Nous avons écouté cet appel du Saint-Père avec beaucoup, je ne dirais pas de satisfaction, parce que la satisfaction viendra s'il y a un effet, mais avec beaucoup d'attention et vraiment en union spirituelle, parce que pour moi, être ici dans la région de Zaporijjia signifie aussi être dans la zone où nous sommes le plus proche de la vie de tant de prisonniers. Pour moi, ce serait une Pâque encore plus grande si je pouvais aller rendre visite aux prisonniers.
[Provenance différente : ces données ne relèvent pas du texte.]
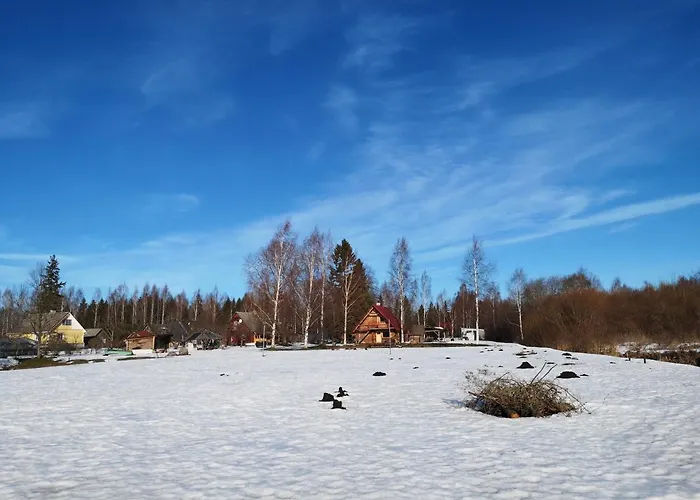 פארק נופש Kortsimaja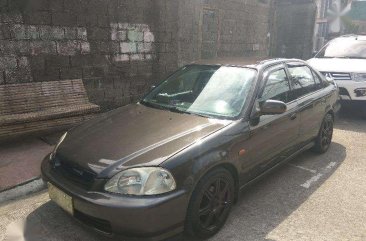 Honda Civic LXi 1996 Automatic Brown For Sale 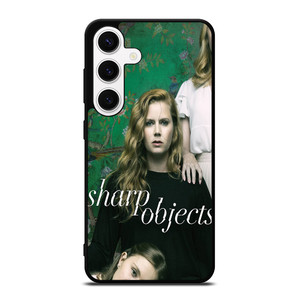 SHARP OBJECTS MOVIE Samsung Galaxy S24 Case SHARP OBJECTS MOVIE Samsung Galaxy S24 Case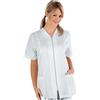 ISACCO Casacca victoria Bianca 100% Cotone ISACCO 006820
Et lorsque le Pape lance l'appel à un échange total de tous les prisonniers, il ne s'agit pas d'un simple appel, mais d'un appel qui concerne de nombreuses vies, plusieurs milliers de personnes qui non seulement n'ont pas la possibilité de célébrer Pâques, mais aussi les deux prêtres gréco-catholiques qui ont été emmenés ici depuis Berdiansk, pas si loin de Zaporijjia, puisqu'il s'agit de la même région.
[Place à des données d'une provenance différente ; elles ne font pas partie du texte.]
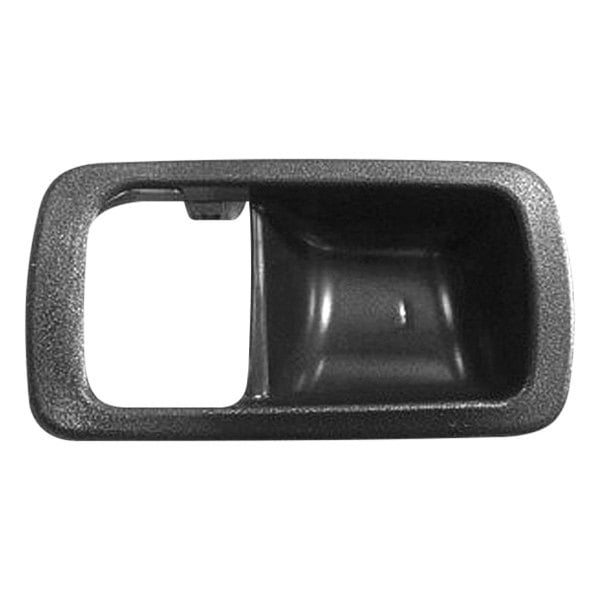 1992-1996 Toyota Camry Front Driver Side Interior Door Handle Gray Regulator Handle Inside - TO1352106-Partify-Painted-Replacement-Body-Parts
Ma pensée est donc encore plus intense avec eux et pour eux: pour ces prêtres, il n'y a même pas la possibilité de célébrer Pâques. Il s'agit d'un appel très humanitaire que le Pape adresse à tous les croyants et non-croyants, mais aussi d'un appel à prier pour que le Seigneur ouvre les cœurs de ceux qui sont politiquement responsables de ces échanges de prisonniers. J'ajouterais ici les paroles du Saint-Père dans les méditations du Chemin de Croix du Vendredi Saint, en disant qu'en se trouvant sur des terres éloignées de la guerre, on court parfois le risque de ne pas pleurer avec Jésus et de penser à la guerre de loin. Et justement, cet appel, exprimé par le Saint-Père aujourd'hui, en ce dimanche de Pâques, est une manière d'être proche, de s'intéresser réellement et concrètement à ceux qui souffrent le plus, et ceux qui souffrent le plus, ce sont eux: les prisonniers, les blessés et ceux qui perdent la vie dans cette terrible guerre.
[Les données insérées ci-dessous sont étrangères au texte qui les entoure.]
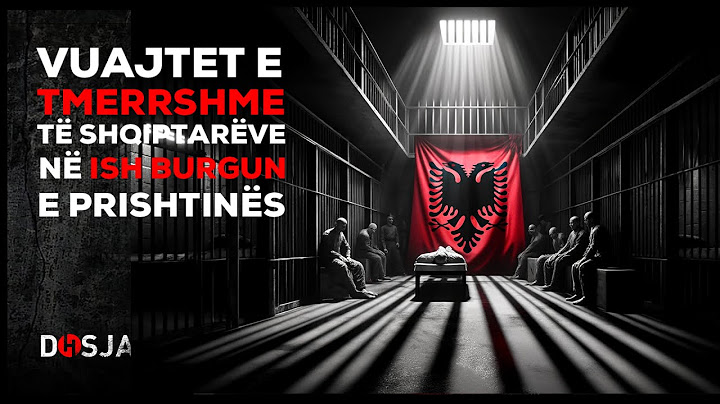 Dosja Historike - Vuajtet e tmerrshme të shqiptarëve në ish qendrën e paraburgimit të Prishtinës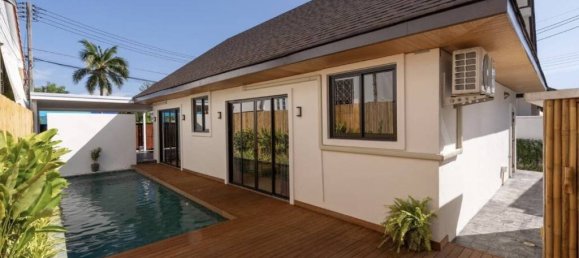 Вилла с 2 спальнями в Раваи, Таиланд № 13239 8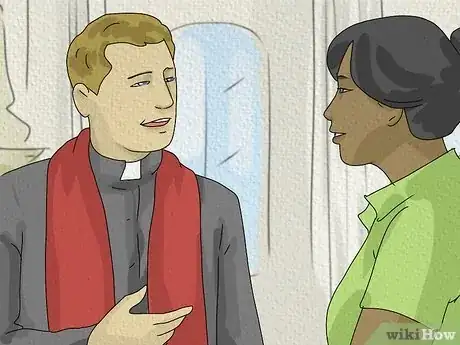 Immagine titolata Become a Nun Step 7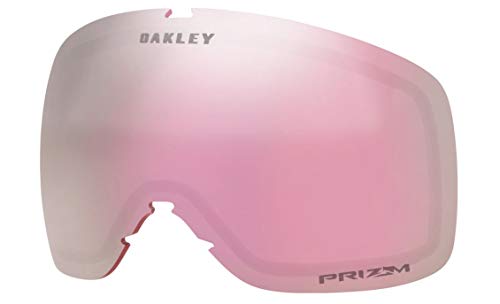 Oakley Flight Tracker XM Snow Goggle Replacement Lens (Prizm HI Pink Iridium) | The Storepaperoomates Retail Market - Fast Affordable Shopping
Vous dites que ce serait une Pâque encore plus grande si vous pouviez rendre visite aux prisonniers. Que voulez-vous dire?

Mon plus grand souhait reste de pouvoir rendre personnellement visite aux prisonniers, à ceux que je ne peux pas visiter. Ici, en Ukraine, je peux leur rendre visite, j'ai même pu rendre visite à des prisonniers russes détenus ici. En revanche, je sais que mon collègue en Russie ne peut pas rendre visite aux prisonniers ukrainiens et qu'aucun représentant de l'Église ne peut leur rendre visite, pas même les prêtres gréco-catholiques.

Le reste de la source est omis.